Chapped hands reach, clinging to the last rocky outcropping as he searches for the next safe place to support the weight of his move upward. Every step up in altitude is a test of keeping his cool and maintaining a steady breath, the search for each new foothold a test of Earth's gravity sharing its lessons. The air is crisply whispering in his ear, "Its too cold to go on. You can't make it to the peak. You are not strong enough." Yet even through the spirit dampening chill, he continues on, in spite of what the wind tells him, in spite of what his fellow climbers said. This impossible Peak has only been scaled by the most brave of climbers, especially this time of year, when Mother Nature offers no forgiveness to a false step or a slip in concentration. With only another few hundred feet to go, he remembers his last attempt to summit this snowy carapace...memories of his all too close a call by way of a small misstep (thanks to an error in judgement, and the subsequent near death escape from an avalanche of his own making) fill his head and knock loose his concentration, which the bone-chilling cold prevents him from regaining right away.

The last push towards the top is an arduous and foreboding slope. There is little to hold on to, little to make one believe it is even possible, little hope for safety or success. His life is in his own hands, and his faith strong in Nature's desire to protect its children. 
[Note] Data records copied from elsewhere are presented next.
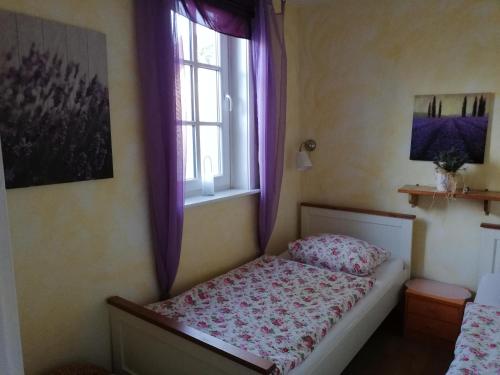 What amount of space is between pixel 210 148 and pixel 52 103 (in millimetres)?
1080

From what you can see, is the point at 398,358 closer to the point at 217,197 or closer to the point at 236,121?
the point at 217,197

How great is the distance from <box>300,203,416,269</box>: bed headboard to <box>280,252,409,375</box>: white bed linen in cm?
12

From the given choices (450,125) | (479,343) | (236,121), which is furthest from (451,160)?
(236,121)

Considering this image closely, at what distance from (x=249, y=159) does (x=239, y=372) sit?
1.48 metres

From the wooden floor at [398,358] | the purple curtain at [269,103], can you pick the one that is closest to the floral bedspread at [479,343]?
the wooden floor at [398,358]

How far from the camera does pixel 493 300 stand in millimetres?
2064

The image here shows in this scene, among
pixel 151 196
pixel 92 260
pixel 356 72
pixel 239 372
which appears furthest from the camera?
pixel 356 72

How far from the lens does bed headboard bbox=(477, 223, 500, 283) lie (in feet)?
7.93

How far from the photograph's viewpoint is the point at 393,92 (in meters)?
2.71

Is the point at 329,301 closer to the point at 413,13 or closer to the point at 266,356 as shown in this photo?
the point at 266,356

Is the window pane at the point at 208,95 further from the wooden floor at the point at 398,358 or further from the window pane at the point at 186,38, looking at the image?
the wooden floor at the point at 398,358

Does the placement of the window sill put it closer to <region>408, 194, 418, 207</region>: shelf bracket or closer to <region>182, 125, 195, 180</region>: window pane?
<region>182, 125, 195, 180</region>: window pane

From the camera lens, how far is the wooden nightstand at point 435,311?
2393 millimetres

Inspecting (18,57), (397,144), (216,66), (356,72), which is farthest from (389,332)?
(18,57) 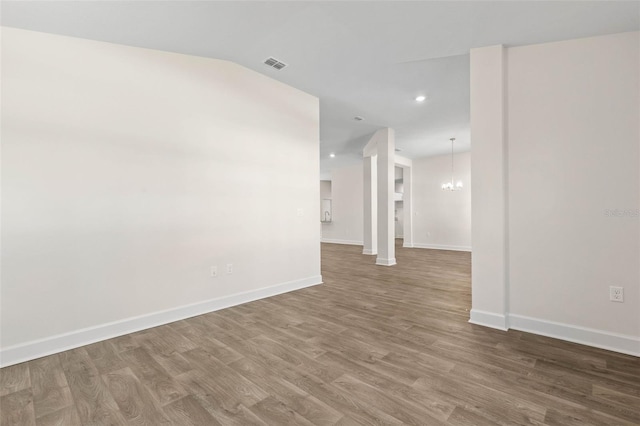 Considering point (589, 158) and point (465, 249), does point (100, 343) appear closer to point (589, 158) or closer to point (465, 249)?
point (589, 158)

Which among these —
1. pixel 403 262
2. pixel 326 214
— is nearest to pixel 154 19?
pixel 403 262

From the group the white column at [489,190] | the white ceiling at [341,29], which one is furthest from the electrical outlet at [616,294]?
the white ceiling at [341,29]

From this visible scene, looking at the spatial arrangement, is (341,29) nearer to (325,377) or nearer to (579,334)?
(325,377)

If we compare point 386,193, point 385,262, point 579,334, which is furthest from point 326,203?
point 579,334

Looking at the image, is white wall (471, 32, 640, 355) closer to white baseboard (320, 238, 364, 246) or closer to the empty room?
the empty room

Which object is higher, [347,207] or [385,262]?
[347,207]

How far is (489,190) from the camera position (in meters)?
2.87

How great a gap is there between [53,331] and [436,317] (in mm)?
3550

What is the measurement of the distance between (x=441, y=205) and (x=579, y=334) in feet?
22.6

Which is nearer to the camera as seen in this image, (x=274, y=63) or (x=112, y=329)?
(x=112, y=329)

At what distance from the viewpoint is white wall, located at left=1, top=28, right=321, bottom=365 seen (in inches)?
91.4

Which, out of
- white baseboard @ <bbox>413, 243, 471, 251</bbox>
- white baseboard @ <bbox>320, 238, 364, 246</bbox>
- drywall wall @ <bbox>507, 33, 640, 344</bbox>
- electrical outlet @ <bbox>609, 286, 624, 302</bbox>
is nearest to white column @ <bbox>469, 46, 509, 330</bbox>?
drywall wall @ <bbox>507, 33, 640, 344</bbox>

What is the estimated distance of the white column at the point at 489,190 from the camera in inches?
110

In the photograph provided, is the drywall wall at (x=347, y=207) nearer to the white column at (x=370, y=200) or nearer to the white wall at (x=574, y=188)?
the white column at (x=370, y=200) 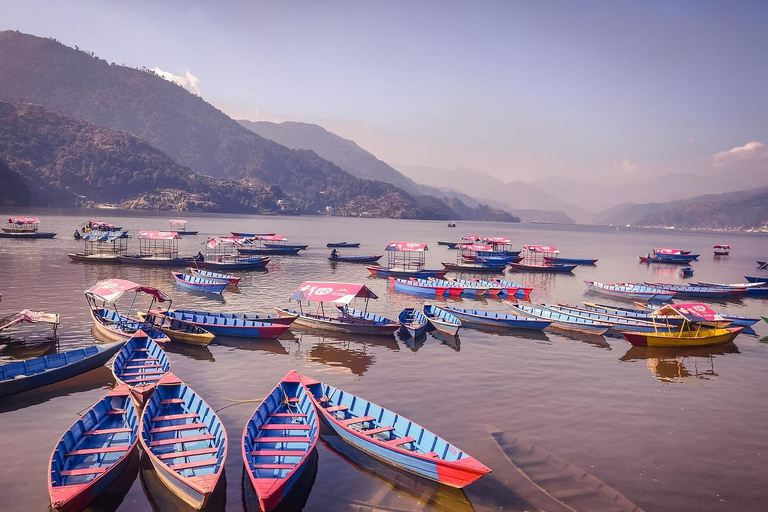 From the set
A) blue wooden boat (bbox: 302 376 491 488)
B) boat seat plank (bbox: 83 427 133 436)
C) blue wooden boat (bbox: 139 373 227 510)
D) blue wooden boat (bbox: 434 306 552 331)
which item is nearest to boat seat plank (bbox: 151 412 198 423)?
blue wooden boat (bbox: 139 373 227 510)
He started his first climb as a boy, and with each successful placement of his foot, he fights the downward pull of the burden bearing down on his shoulders. With the carrying of each step's onus, he grows a little stronger, gains a bit more wisdom. His desire to succeed, his determined heart, will not forgive him if he lets go and takes the easy way out; his soul's growing knowledge and experience will not let him plunge down onto the ice and rock precipice he has thus far conquered. He realizes, however, that it takes more heart to turn back, to safely descend from his latest try, to live that he may try to scale this snow-bound rocky slope again. It takes more courage to accept failure in the present, yet live to keep moving towards his goal rather than die in a futile attempt at glory.